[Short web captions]
══════
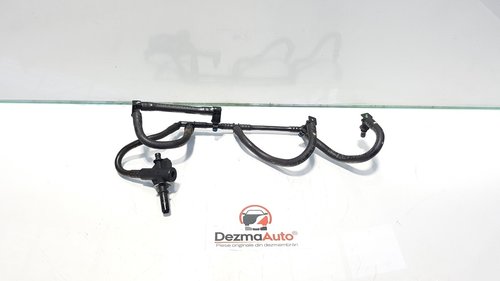 Rampa retur injectoare, Renault Clio 4, 1.5 dci (id:396984)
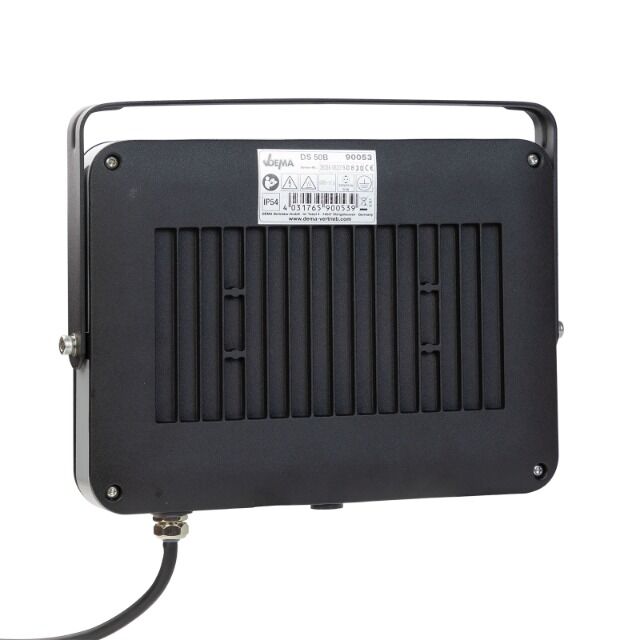 LED-Strahler Slim 50W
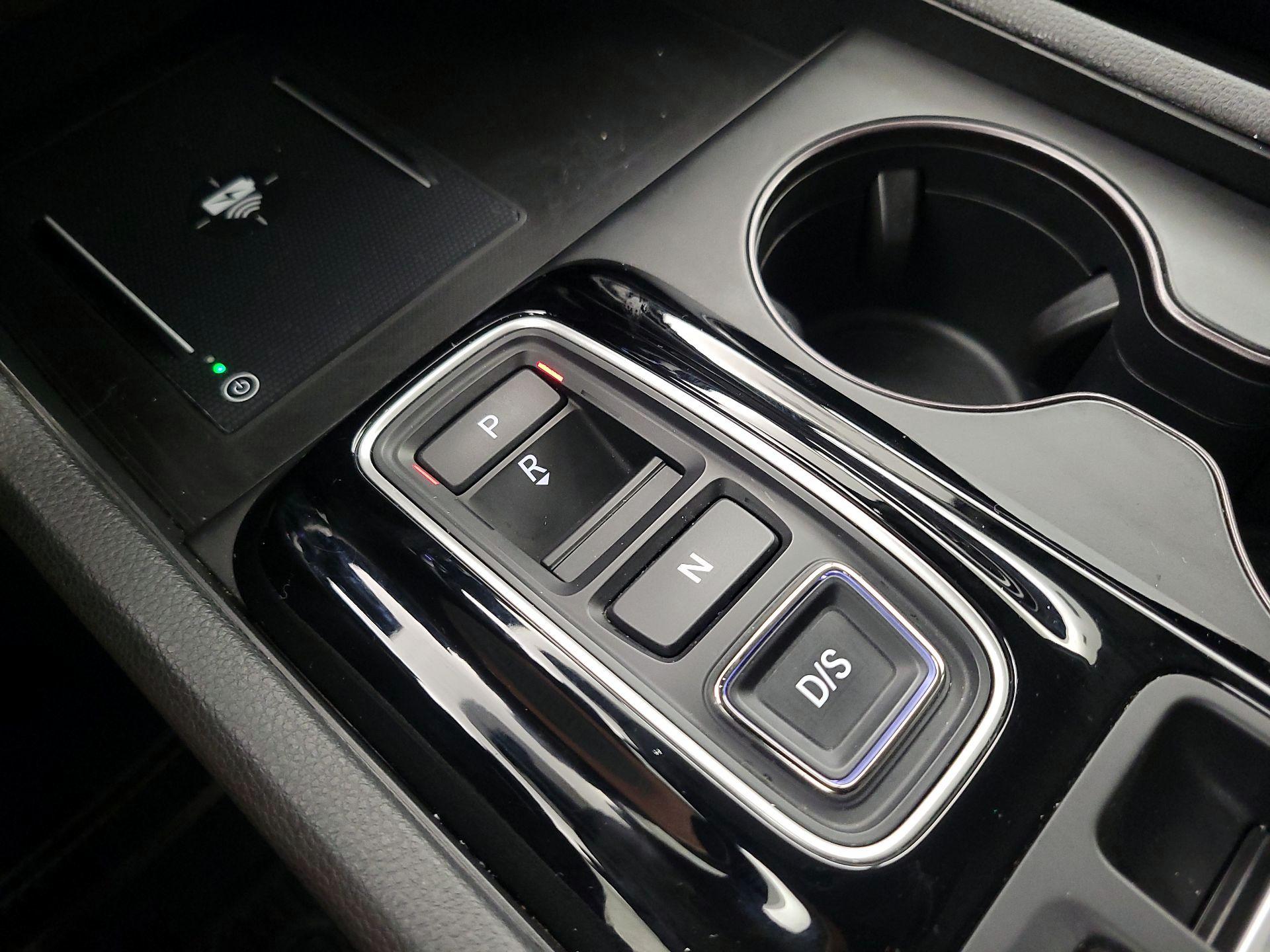 Thumbnail: 2024 Honda Pilot - 17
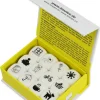 Würfel-Set Geschichten "Fantasie", 12-tlg., 20 mm in Box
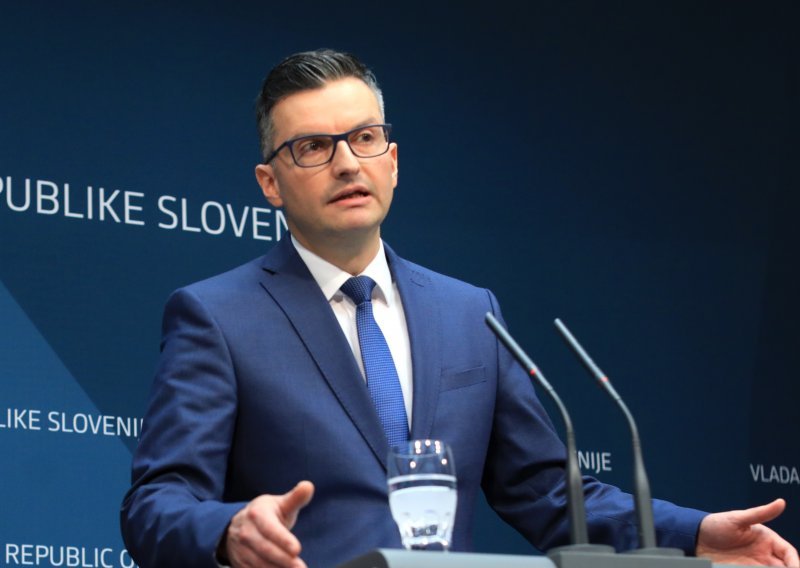 Šarec: Slovenija spremna i na zatvaranje granice
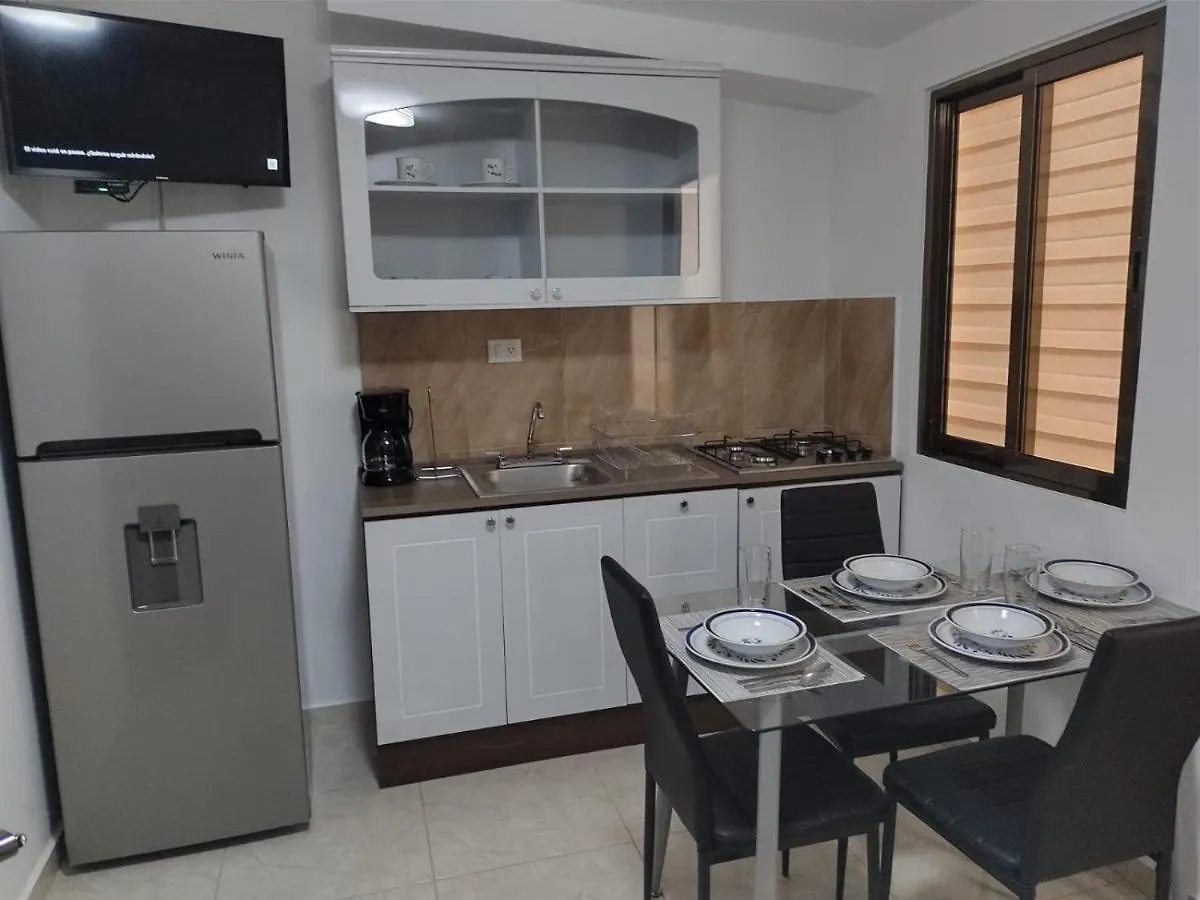 Ferienwohnung Sol, Mar Y Tierra Cancún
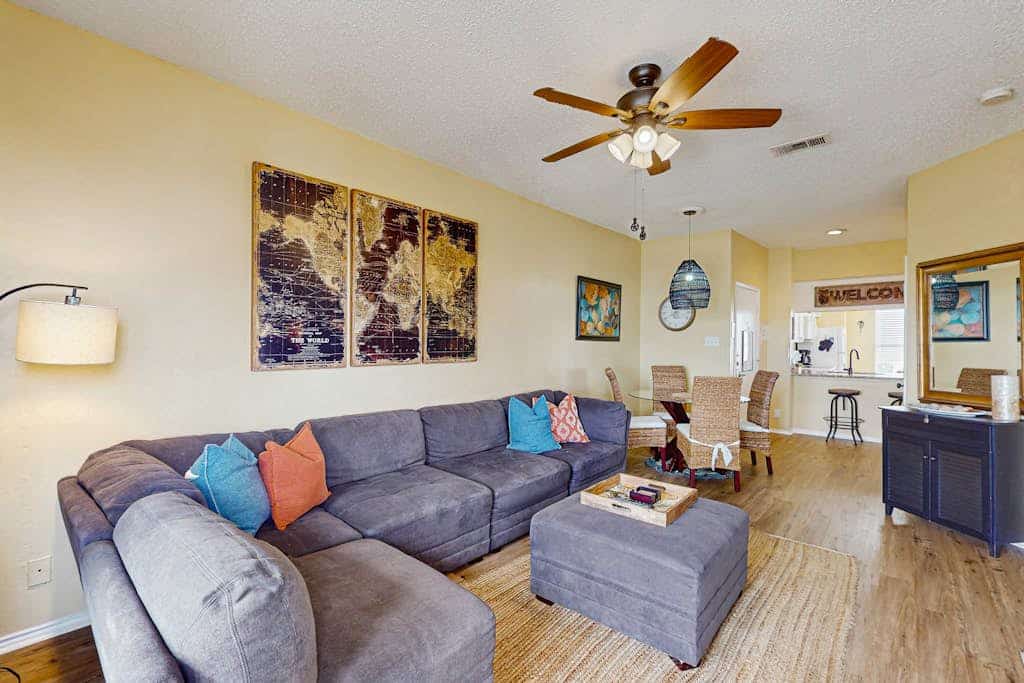Beach Club 276 - Heated Pool, 2 Hot Tubs, Dogs OK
══════
*Task objective*. All of the data is to be reproduced exactly, with the pictures left out.

*Response area*.
 Rampa retur injectoare, Renault Clio 4, 1.5 dci (id:396984)
 LED-Strahler Slim 50W
 Thumbnail: 2024 Honda Pilot - 17
 Würfel-Set Geschichten "Fantasie", 12-tlg., 20 mm in Box
 Šarec: Slovenija spremna i na zatvaranje granice
 Ferienwohnung Sol, Mar Y Tierra Cancún
Beach Club 276 - Heated Pool, 2 Hot Tubs, Dogs OK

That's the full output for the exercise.